Since failing to satisfy the axioms is a bad idea, and failing to rank lotteries by their expected utility entails failing to satisfy the axioms, we can infer that our agent should rank lotteries by their expected utility.

At this point, we're still stuck with monetary lotteries. The general expected utility rule that we want to defend isn't a rule about lotteries. It isn't a rule for "decision-making under risk", and it only entails such a rule for agents who happen not to care about certain non-local things like fairness or integrity or predictability.

I can only see an abductive argument that takes us beyond lotteries.

Suppose some rule R is the correct general decision rule. In particular, then, R is the correct rule by which our simplistic agent should evaluate monetary lotteries. But we have established (or so we hope) that our simplistic agent should evaluate monetary lotteries by the EU rule. The rule R must therefore coincide with the EU rule when it comes to the evaluation of monetary lotteries by simplistic agents. This is enough to rule out a lot of prominent alternatives to the EU rule. It obviously doesn't show that the R rule is the EU rule.
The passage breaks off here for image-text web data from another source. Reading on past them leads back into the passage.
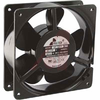 Fan; 4.690 in. x 4.125 in.; 105 CFM; 19/17 W; Zinc Die Casting - 70149182 - Allied Electronics, Inc.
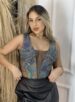 body brilhos nanda prata
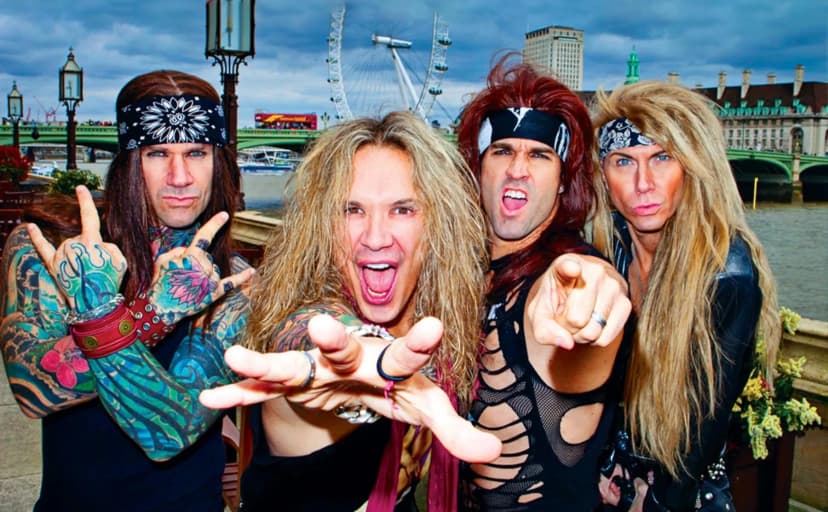 Steel Panther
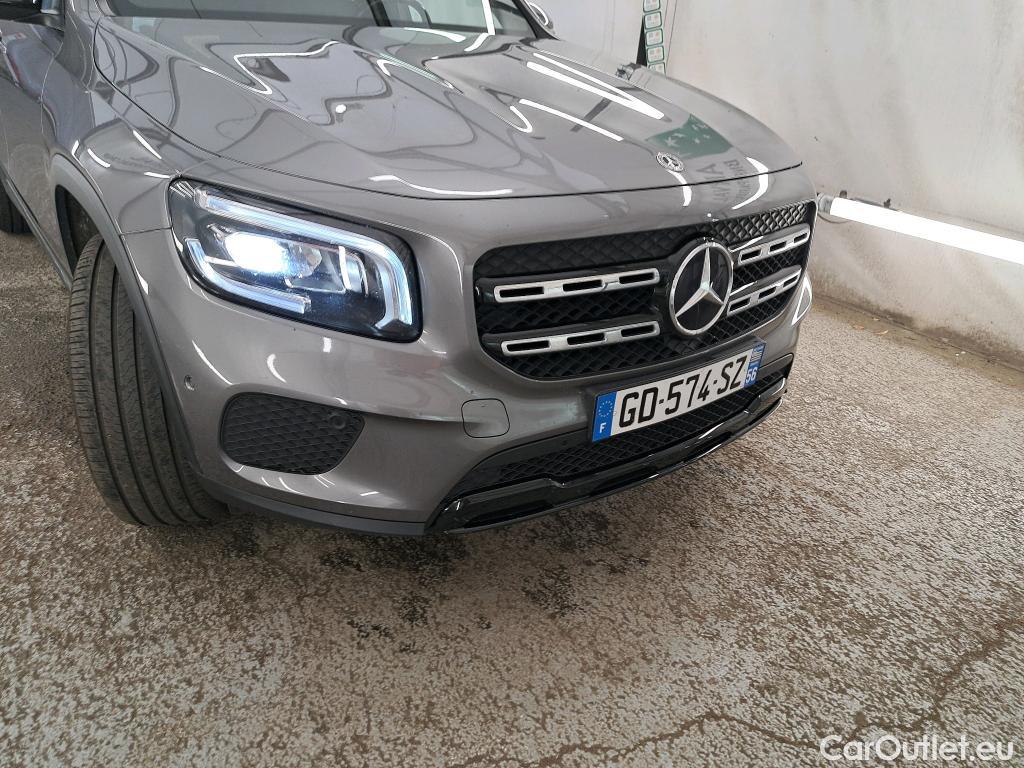  Mercedes  GLB MERCEDES-BENZ  / 2019 / 5P / SUV  200 d Business Line #2
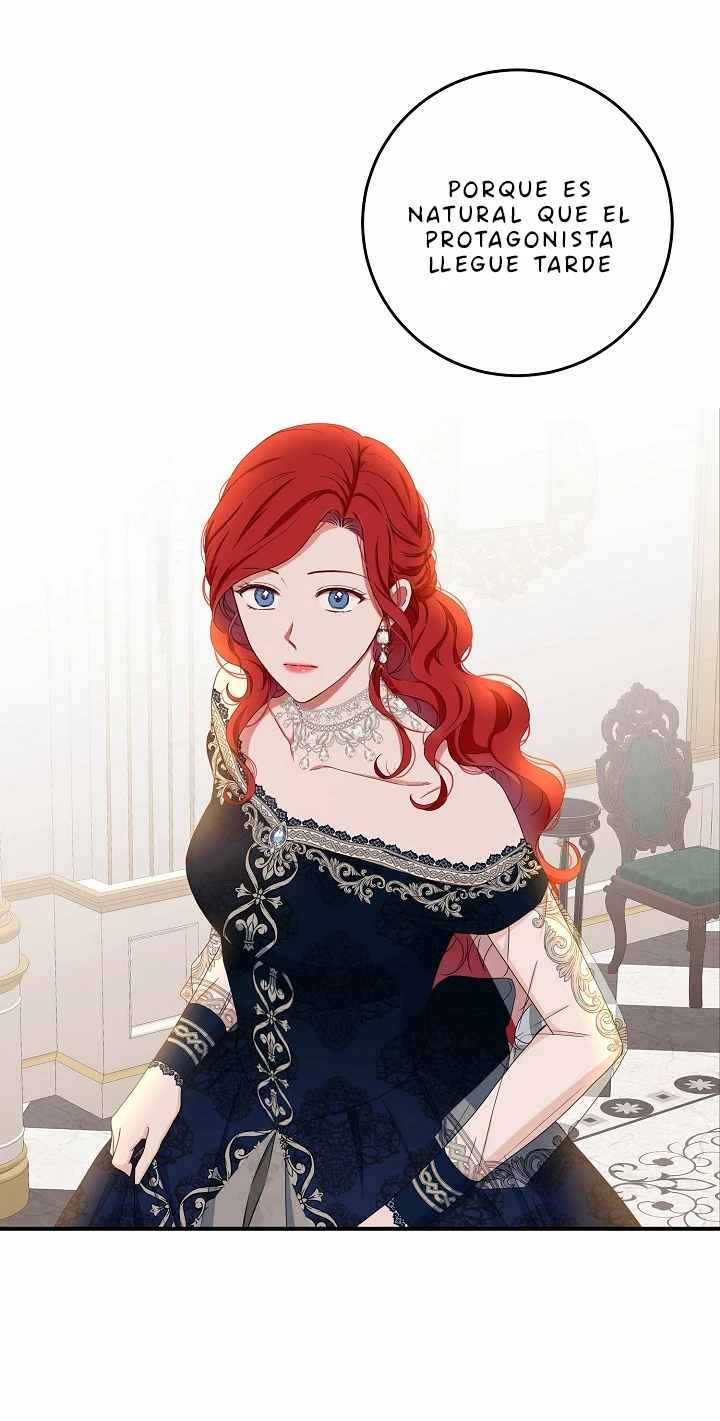 Parece que me encuentro en el mundo de un juego de harem inverso Capítulo 34 - Page 17
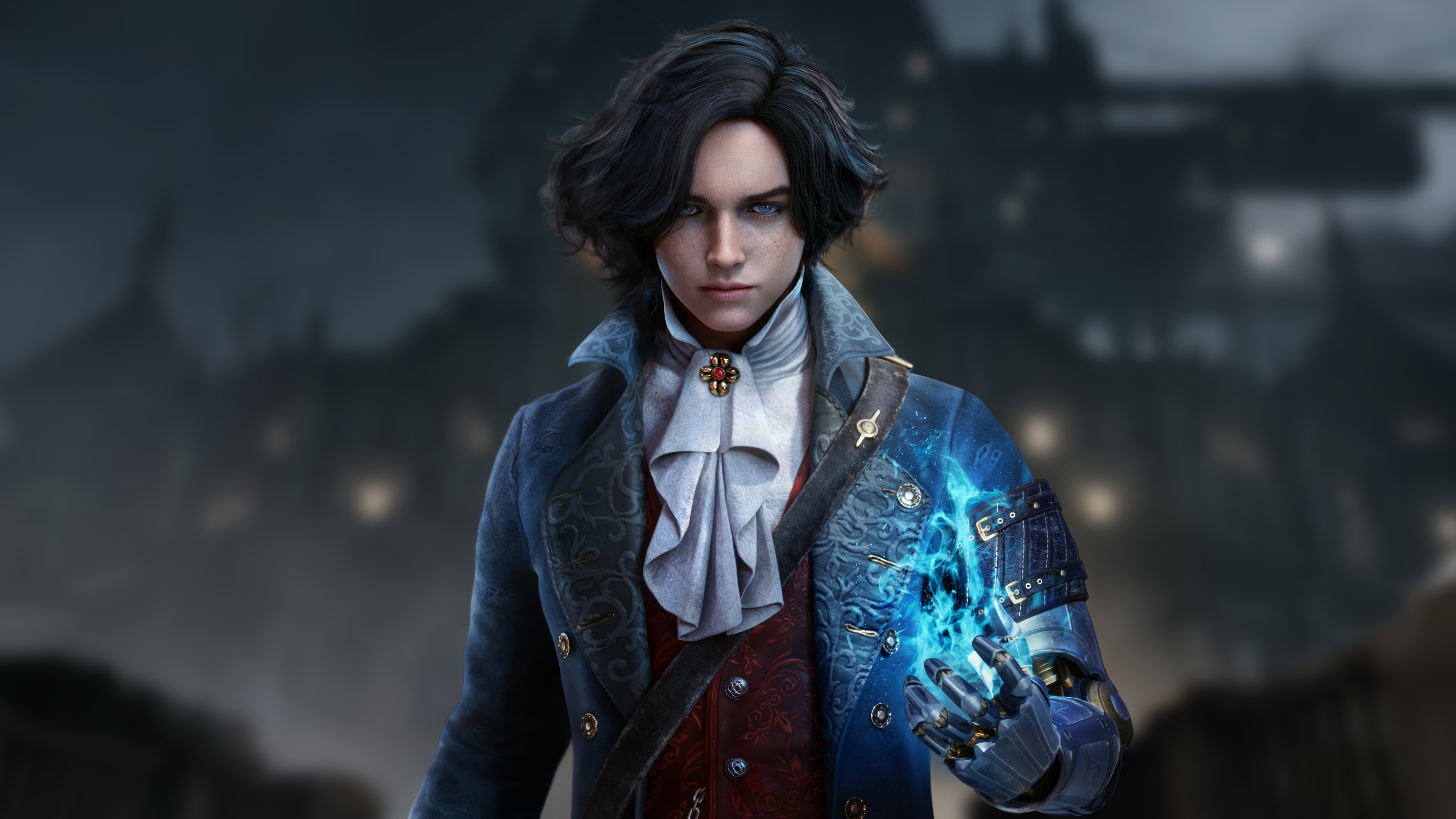Lies of P: Pinocchio 4K HD Wallpaper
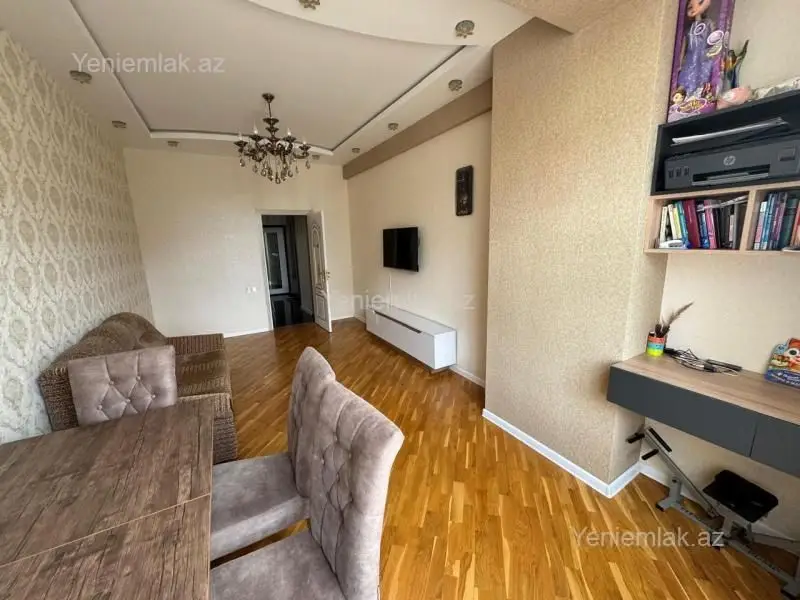 750 AZN - 2 otaqlı mənzil Kirayə (aylıq), Nizami, Bakı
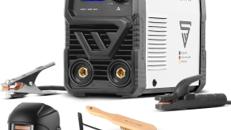 Elektroden-Schweißgerät Schweißer Schweißgerät DC WIG ARC 160 MD – MMA E-Hand bis 160 A flexibel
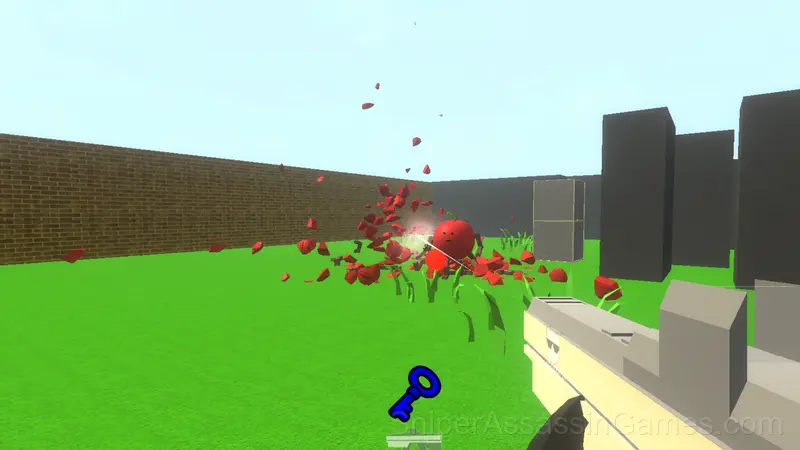 Game Builder gameplay screenshot 2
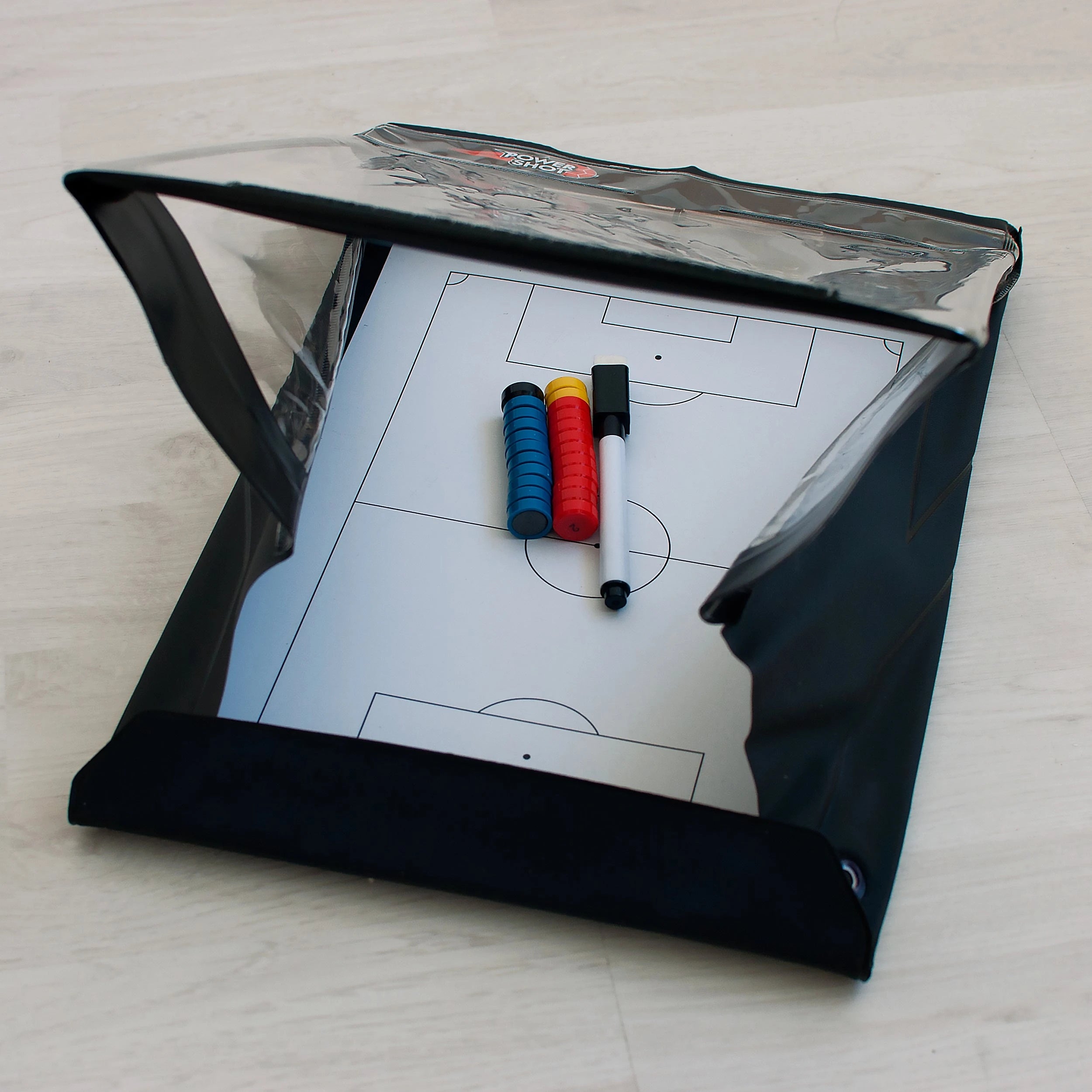 Tactical football board waterproof - 24cm x 35cm Powershot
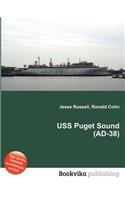 USS Puget Sound (Ad-38): (English)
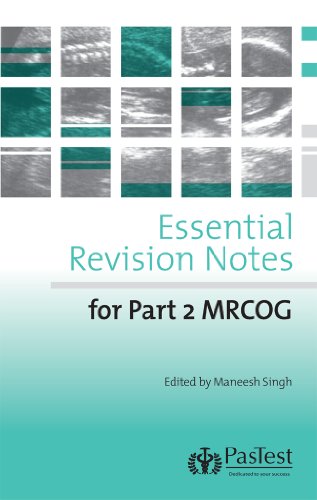Essential Revision Notes for MRCOG Part 2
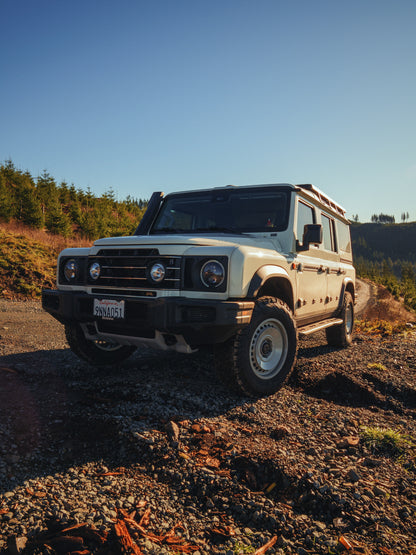 BLACK RHINO ブラックライノ ホイール BR036 BASIN | GRAYSPACE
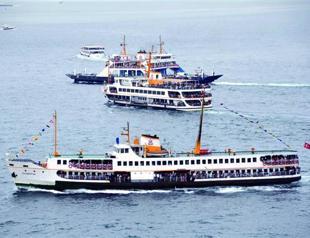 Istanbul Municipality starts building new disabled-friendly ferries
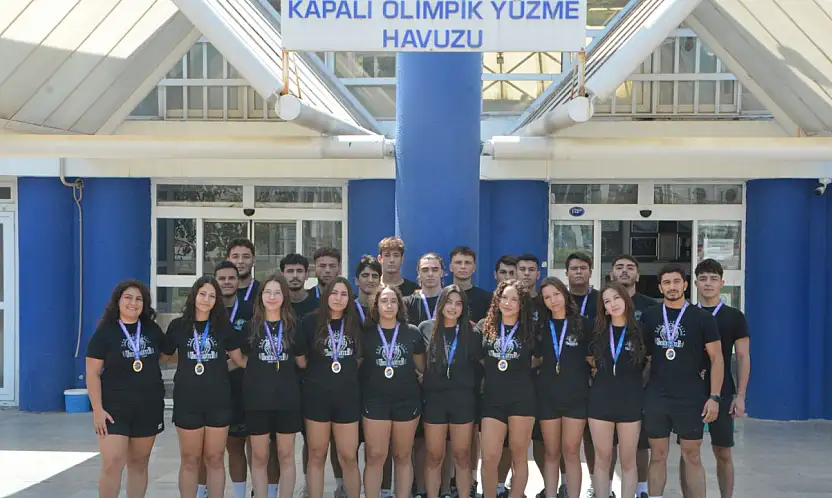 Ege Üniversitesi, spor dostu kampüs ile başarıyı destekliyor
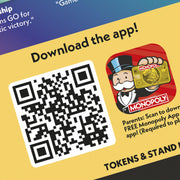 Hasbro - MONOPOLY - APP BANKING Toys & Games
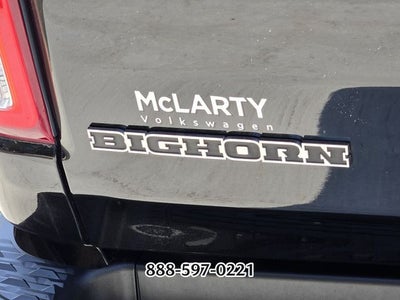 2019 RAM 1500 Big Horn/Lone Star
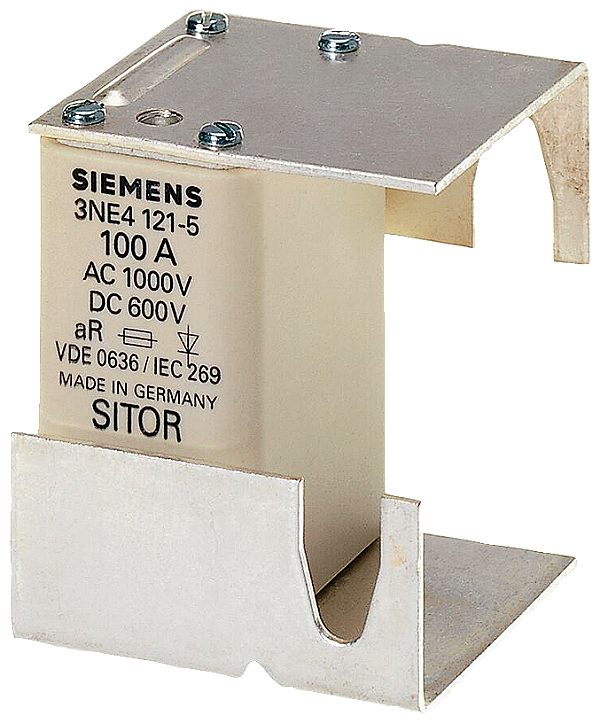 Fusível Sitor Espec 170A 1000V 3NE4146-5 SIEMENS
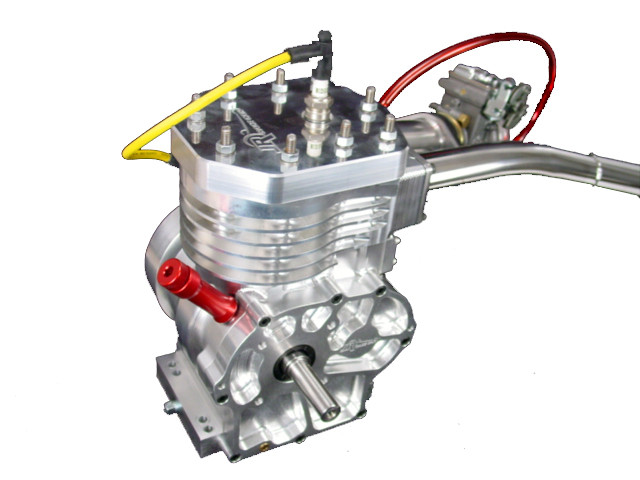 レガシーB4 Racing TITAN Titan Racing Engine (3-3/4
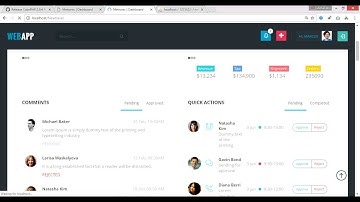 CakePhp 2 9 4 installation and Metronic Theme 5 implimentation Part c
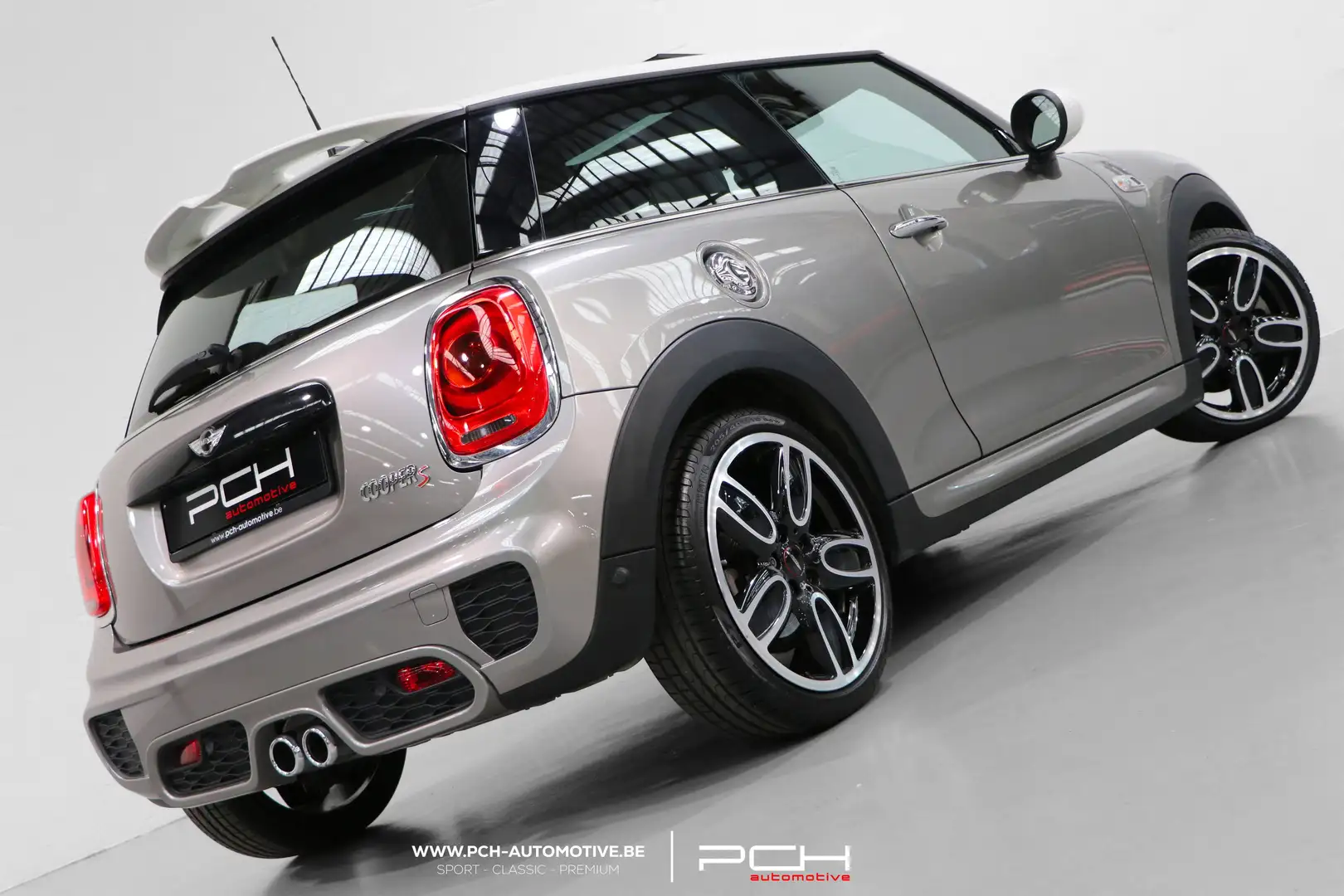 MINI Cooper S 2.0 192cv - Kit John Cooper Works - Argento - 2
But the EU rule is plausibly the simplest rule that passes this test.

There are a lot of details here that would need to be filled in. Has anyone tried to develop this line of thought?

Cubitt, Robin P. 1996. “Rational Dynamic Choice and Expected Utility Theory.” Oxford Economic Papers 48 (1): 1–19. doi.org/10.1093/oxfordjournals.oep.a028555.
Dreier, James. 1996. “Rational Preference: Decision Theory as a Theory of Practical Rationality.” Theory and Decision 40 (3): 249–76. doi.org/10.1007/BF00134210.
Gustafsson, Johan E. 2022. “Money-Pump Arguments.” Elements in Decision Theory and Philosophy. doi.org/10.1017/9781108754750.
McClennen, Edward F. 1990. Rationality and Dynamic Choice: Foundational Explorations. Cambridge University Press.
von Neumann, John, and Oskar Morgenstern. 1944. Theory of Games and Economic Behavior. Priceton: Princeton University Press.

# on 11 November 2022, 05:04

Apparently (eg 10.1111/tops.12506),

'classical rationality poses a computationally intractable problem; that is, there
exists no general tractable (polynomial-time) process that, for any given situation, selects
an action with maximum expected utility...this setback has been used to argue
against CR and to motivate alternative approaches to rationality.'

People have whinged about expected utility as mixing normativity and description. In the latter case, it is not clear to me whether having a more concave or convex utility curve is more or less rational for lotteries where one has a nonzero probability of dying...viz Harsanyi utilitarianism.

# on 11 November 2022, 21:28

Yes, I'm here only interested in an argument for maximizing expected utility as an ideal. Allowing for non-local outcomes obviously makes the computational problem harder. AIXI has a naively local utility function, but is already incomputable.